A lot has happened since I created the first post below. (As I mentioned, being new to blogging I lost the first post... which is why the date is the same as today's post.)

MLB has decided that it is going to investigate the use of steroids in baseball's past. Bud Selig chose the easy way out. With the greatest record in sport on the ropes he chose to look back in history to see what he might see. Investigate? What are they going to investigate that they couldn't discover in spending a few hours reading "Game of Shadows" and checking a few sources? Then what do they do? Are they going to go back and rewrite history? Are they going to make Bonds's 73 home runs disappear? How about McGuire's 70? Or Sosa's 66? They can't. They are already in the books. (Only this morning it came out that a grand jury is going to look into whether or not Bonds lied under oath. How bad is it that an arm of government not known for expeditiousness can act more quickly than baseball? Pathetic!)

There is really no way to rewrite history. It simply can't be done. Where do you stop? Juiced pitchers? Corked bats? Segregation? Pine tar? Trying to rewrite history would open some Orwellian Pandora's box that would do nothing but cause confusion and chaos and fundamentally diminish baseball.

Give Bonds his 73 HR season. But don't let him eclipse Babe and Hank. My solution is far from perfect but one has to start somewhere. The worst thing would be for baseball to stand by and watch 714 & 755 fall and only later discover to their amazement that Mr. Bonds had indeed used something stronger than milk to enhance his numbers. What would they do then?
(Visit for shirts and e-mail links to MLB)
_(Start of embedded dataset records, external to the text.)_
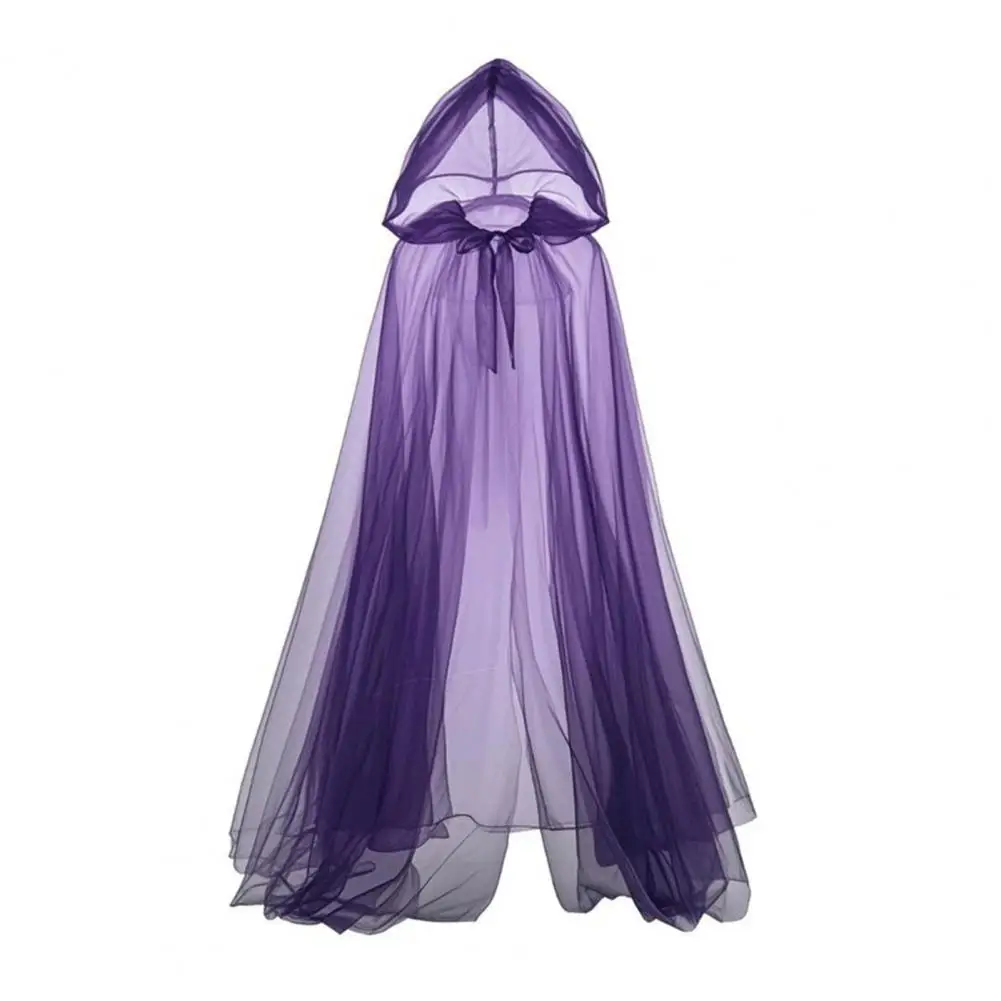 Black Bridal Shawl Witch Vampire Cosplay Cloak Halloween Double Cloak Game Party Costume Props Holiday Dress Up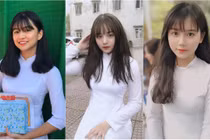 "Đã mắt" dàn nữ sinh diện áo dài trắng ngây thơ xinh hơn khối cô hở hang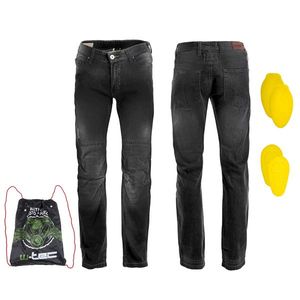 Pánské moto jeansy W-TEC Shiquet černá 6XL obraz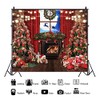 10x8ft Christmas Window Wonderland Large Backdrop Photography Snowy Winter Fireplace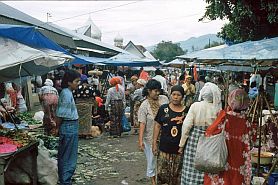 Markt in Panyabungan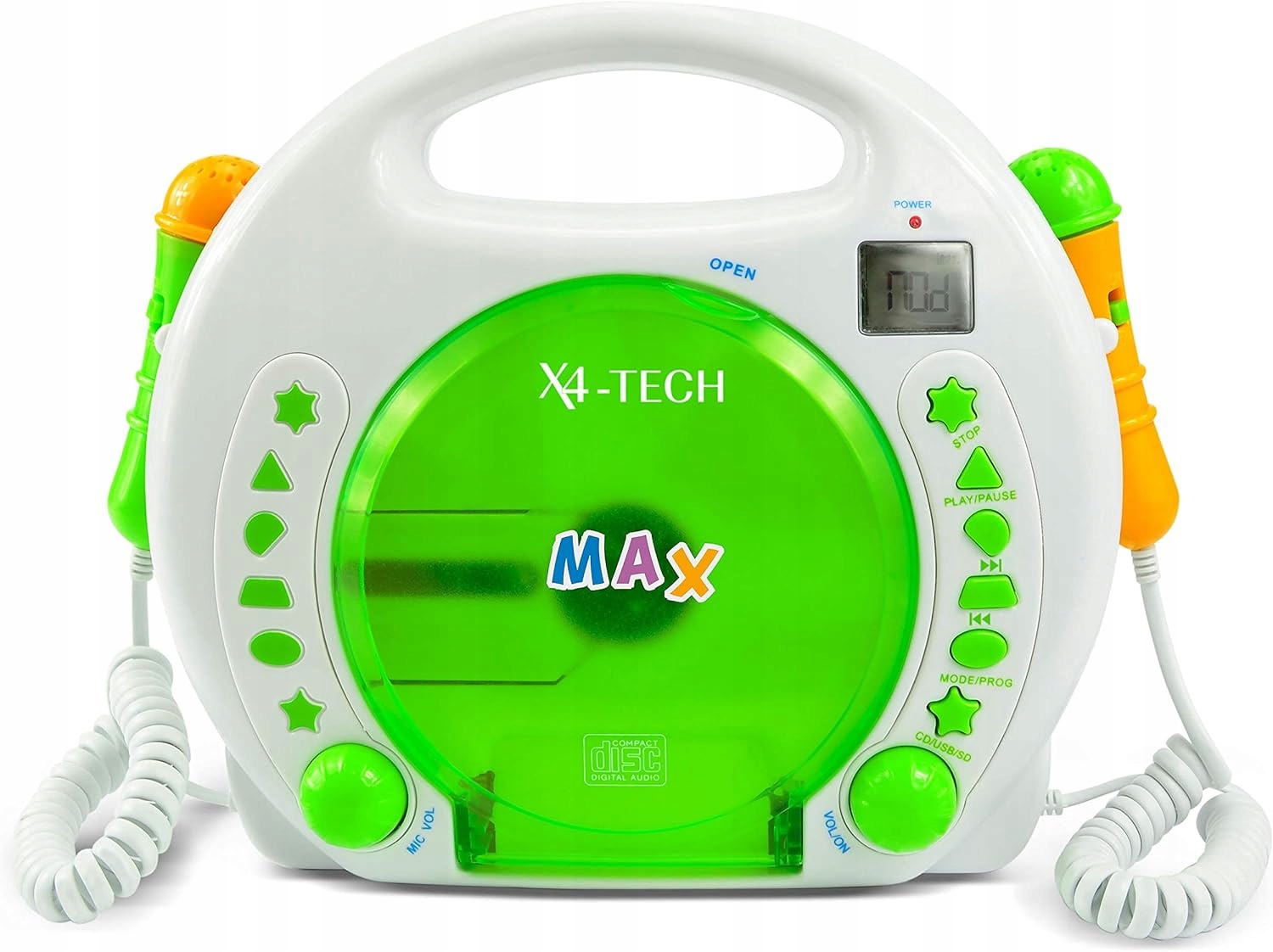 Odtwarzacz CD X4-Tech Bobby Joey 2xmikrofon zielony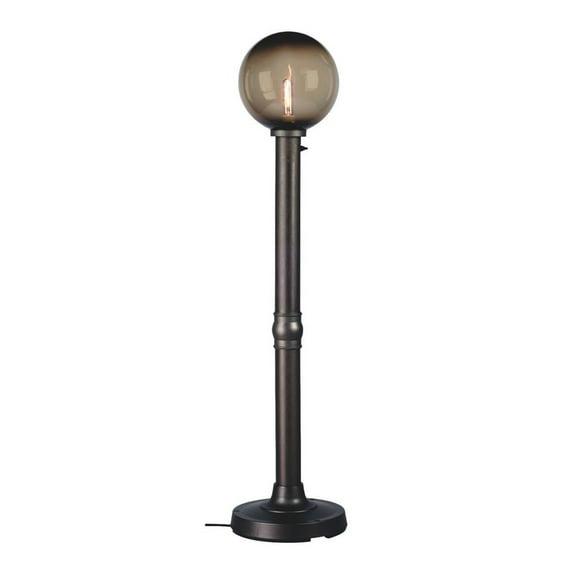 Patio Living Concepts Moonlite 64 Floor Lamp 09717 with 3 bronze tube body and bronze globe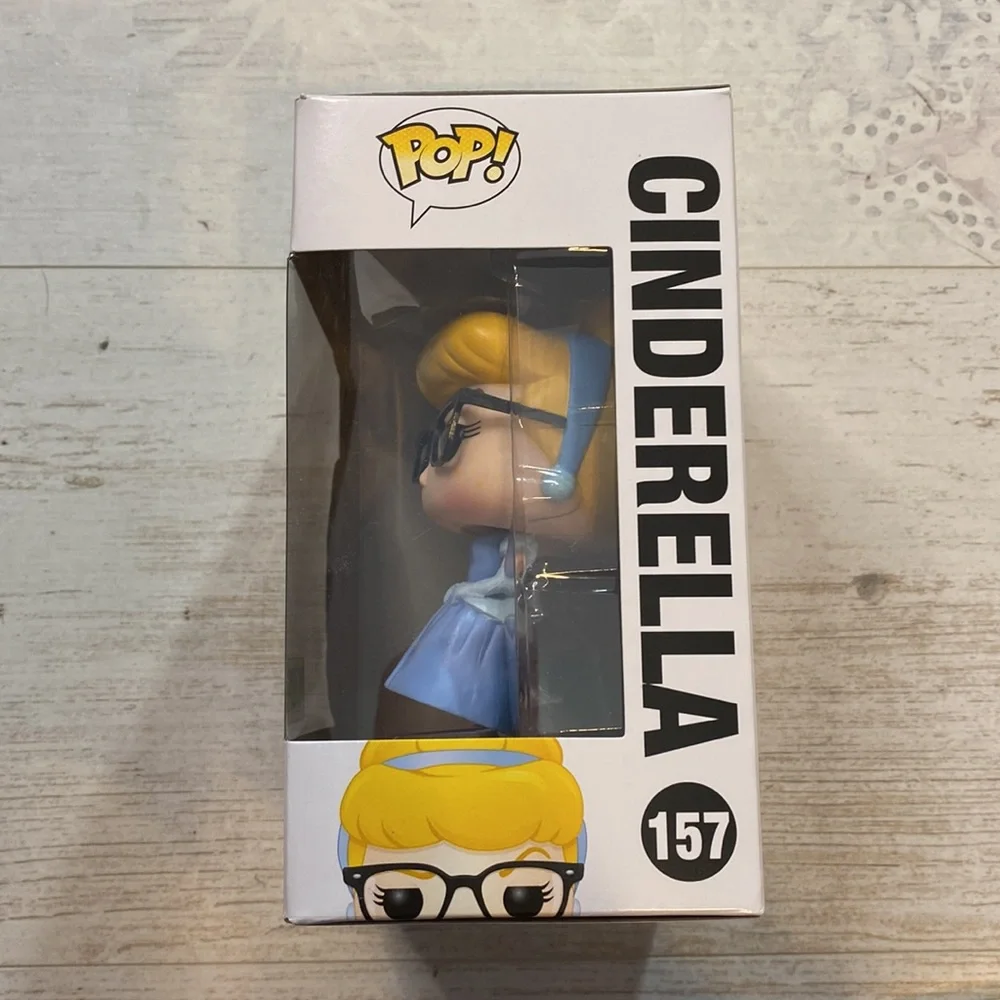Funko Pop Nerd Cinderella #157 Disney Figure - Picture 4 of 9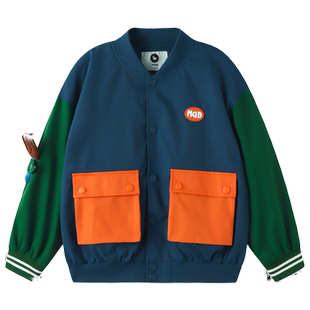 【设计师系列】MQD童装男童棒球服外套春秋款宝宝春装儿童夹克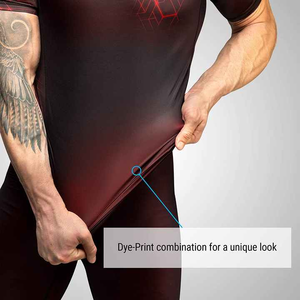 Oem Design <b>Compression</b> MMA Rash Guard Full Sleeve High Quality Quick Dry Customized Spandex/Nylon Unisex Brand Customization - Product Image 5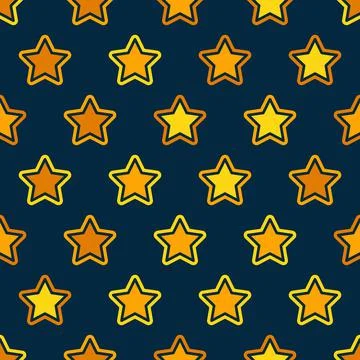 Stars grid seamless pattern background. Design element for textile print Stock Illustration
Help Save Baseball - Don't pitch to Bonds


I originally posted this on March 28. (Being new to this blogging deal, I lost the blog and had to create another one...)

I'm attempting to begin a grass roots campaign. My goal is to keep Barry Bonds's name off of Hank Aaron's home run record. Not by putting an asterisk by his name but by simply not letting him hit the ball. I want to encourage pitchers to simply walk him, refuse to pitch to him. The idea of Bonds eclipsing the records of Ruth and Aaron is a crime, both literally and figuratively. While 715 & 756 will certainly make for great theater if they occur, in the minds of so many people they are merely travesties in the making.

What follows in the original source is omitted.